(Crawled caption data)
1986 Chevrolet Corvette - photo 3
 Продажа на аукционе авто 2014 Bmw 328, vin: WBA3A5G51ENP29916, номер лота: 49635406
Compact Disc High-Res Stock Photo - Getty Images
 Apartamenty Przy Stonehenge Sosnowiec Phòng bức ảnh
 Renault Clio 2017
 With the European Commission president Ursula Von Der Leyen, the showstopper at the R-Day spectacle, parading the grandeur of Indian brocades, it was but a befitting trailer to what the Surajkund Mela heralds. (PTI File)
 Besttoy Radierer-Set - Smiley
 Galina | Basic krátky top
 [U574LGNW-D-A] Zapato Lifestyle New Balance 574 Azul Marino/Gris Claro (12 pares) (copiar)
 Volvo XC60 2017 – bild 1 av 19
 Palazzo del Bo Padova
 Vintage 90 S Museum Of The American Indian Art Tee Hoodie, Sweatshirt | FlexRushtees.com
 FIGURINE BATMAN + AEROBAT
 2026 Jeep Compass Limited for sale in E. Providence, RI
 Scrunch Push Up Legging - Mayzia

## Work to complete
Match on "Indian": copy every line in the records that has it.

## Expected answer
 With the European Commission president Ursula Von Der Leyen, the showstopper at the R-Day spectacle, parading the grandeur of Indian brocades, it was but a befitting trailer to what the Surajkund Mela heralds. (PTI File)
 Vintage 90 S Museum Of The American Indian Art Tee Hoodie, Sweatshirt | FlexRushtees.com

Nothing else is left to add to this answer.